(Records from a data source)
= = = = = = =
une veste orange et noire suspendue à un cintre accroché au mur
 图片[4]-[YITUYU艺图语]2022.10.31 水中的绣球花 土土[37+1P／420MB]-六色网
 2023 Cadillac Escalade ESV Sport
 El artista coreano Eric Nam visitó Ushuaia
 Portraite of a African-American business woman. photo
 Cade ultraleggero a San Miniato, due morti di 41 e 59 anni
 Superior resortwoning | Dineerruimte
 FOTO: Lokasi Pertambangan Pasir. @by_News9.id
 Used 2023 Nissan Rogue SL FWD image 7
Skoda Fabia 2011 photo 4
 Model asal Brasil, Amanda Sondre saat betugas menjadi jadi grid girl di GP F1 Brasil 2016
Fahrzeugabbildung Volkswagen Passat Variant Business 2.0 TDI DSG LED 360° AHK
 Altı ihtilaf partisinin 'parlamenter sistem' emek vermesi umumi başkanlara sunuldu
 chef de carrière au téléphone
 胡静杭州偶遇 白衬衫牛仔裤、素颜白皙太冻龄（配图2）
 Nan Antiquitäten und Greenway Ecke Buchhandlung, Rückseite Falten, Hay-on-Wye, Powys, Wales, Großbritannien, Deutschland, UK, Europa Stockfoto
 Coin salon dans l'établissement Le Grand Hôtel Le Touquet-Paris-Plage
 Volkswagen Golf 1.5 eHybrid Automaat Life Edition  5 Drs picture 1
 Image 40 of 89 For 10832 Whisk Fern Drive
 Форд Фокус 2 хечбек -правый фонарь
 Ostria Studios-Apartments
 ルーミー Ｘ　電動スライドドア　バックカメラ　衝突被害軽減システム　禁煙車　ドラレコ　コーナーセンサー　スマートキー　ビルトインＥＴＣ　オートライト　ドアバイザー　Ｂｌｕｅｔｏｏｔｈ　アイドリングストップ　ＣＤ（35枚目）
= = = = = = =
Could you repeat every record above exactly as it appears?

une veste orange et noire suspendue à un cintre accroché au mur
 图片[4]-[YITUYU艺图语]2022.10.31 水中的绣球花 土土[37+1P／420MB]-六色网
 2023 Cadillac Escalade ESV Sport
 El artista coreano Eric Nam visitó Ushuaia
 Portraite of a African-American business woman. photo
 Cade ultraleggero a San Miniato, due morti di 41 e 59 anni
 Superior resortwoning | Dineerruimte
 FOTO: Lokasi Pertambangan Pasir. @by_News9.id
 Used 2023 Nissan Rogue SL FWD image 7
Skoda Fabia 2011 photo 4
 Model asal Brasil, Amanda Sondre saat betugas menjadi jadi grid girl di GP F1 Brasil 2016
Fahrzeugabbildung Volkswagen Passat Variant Business 2.0 TDI DSG LED 360° AHK
 Altı ihtilaf partisinin 'parlamenter sistem' emek vermesi umumi başkanlara sunuldu
 chef de carrière au téléphone
 胡静杭州偶遇 白衬衫牛仔裤、素颜白皙太冻龄（配图2）
 Nan Antiquitäten und Greenway Ecke Buchhandlung, Rückseite Falten, Hay-on-Wye, Powys, Wales, Großbritannien, Deutschland, UK, Europa Stockfoto
 Coin salon dans l'établissement Le Grand Hôtel Le Touquet-Paris-Plage
 Volkswagen Golf 1.5 eHybrid Automaat Life Edition  5 Drs picture 1
 Image 40 of 89 For 10832 Whisk Fern Drive
 Форд Фокус 2 хечбек -правый фонарь
 Ostria Studios-Apartments
 ルーミー Ｘ　電動スライドドア　バックカメラ　衝突被害軽減システム　禁煙車　ドラレコ　コーナーセンサー　スマートキー　ビルトインＥＴＣ　オートライト　ドアバイザー　Ｂｌｕｅｔｏｏｔｈ　アイドリングストップ　ＣＤ（35枚目）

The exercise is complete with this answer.